Copy out the lines of the records below, and only those lines, from the one with "C Sharp Music" through the one with "STONEFLY TWINS PRINT LTH en color NEGRO (5)", exactly as they appear.

• _STORED DATA_:
·····

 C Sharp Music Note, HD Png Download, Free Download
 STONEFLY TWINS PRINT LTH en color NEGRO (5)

·····

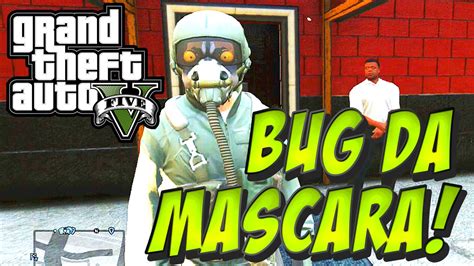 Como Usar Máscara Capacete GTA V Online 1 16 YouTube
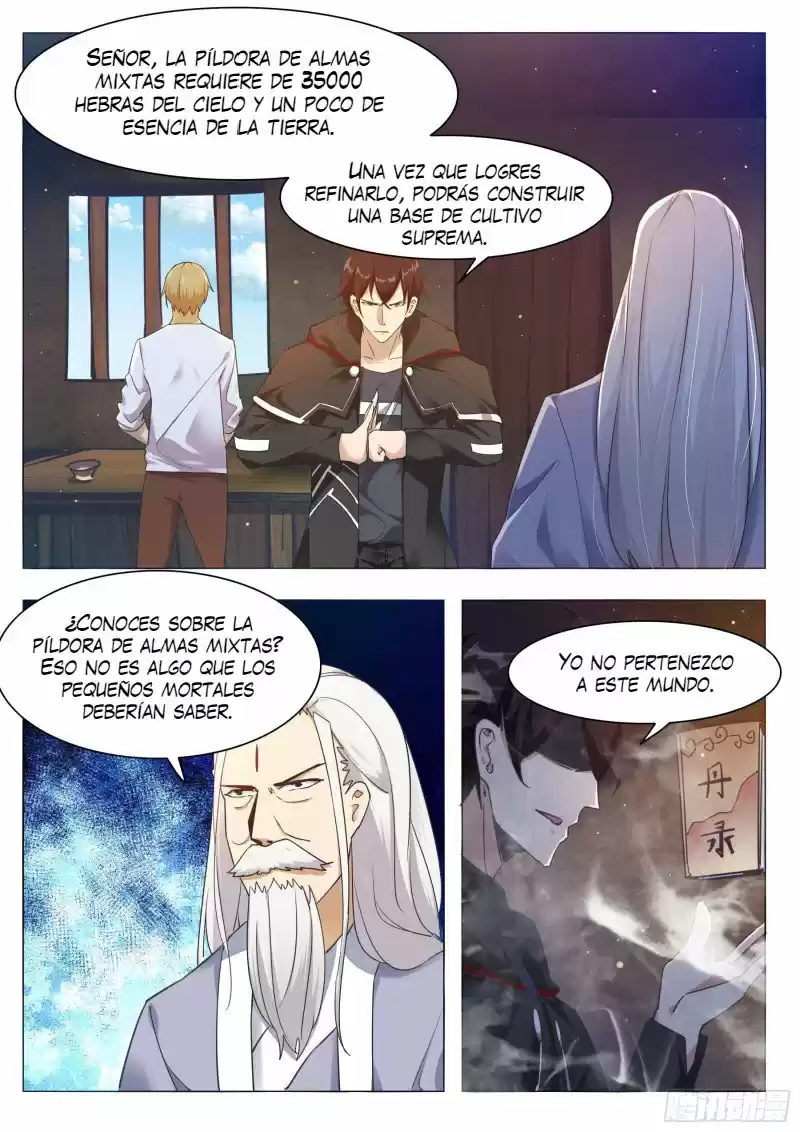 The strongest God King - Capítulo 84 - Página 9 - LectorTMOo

·····

• _WRITTEN SOLUTION_:
 C Sharp Music Note, HD Png Download, Free Download
 STONEFLY TWINS PRINT LTH en color NEGRO (5)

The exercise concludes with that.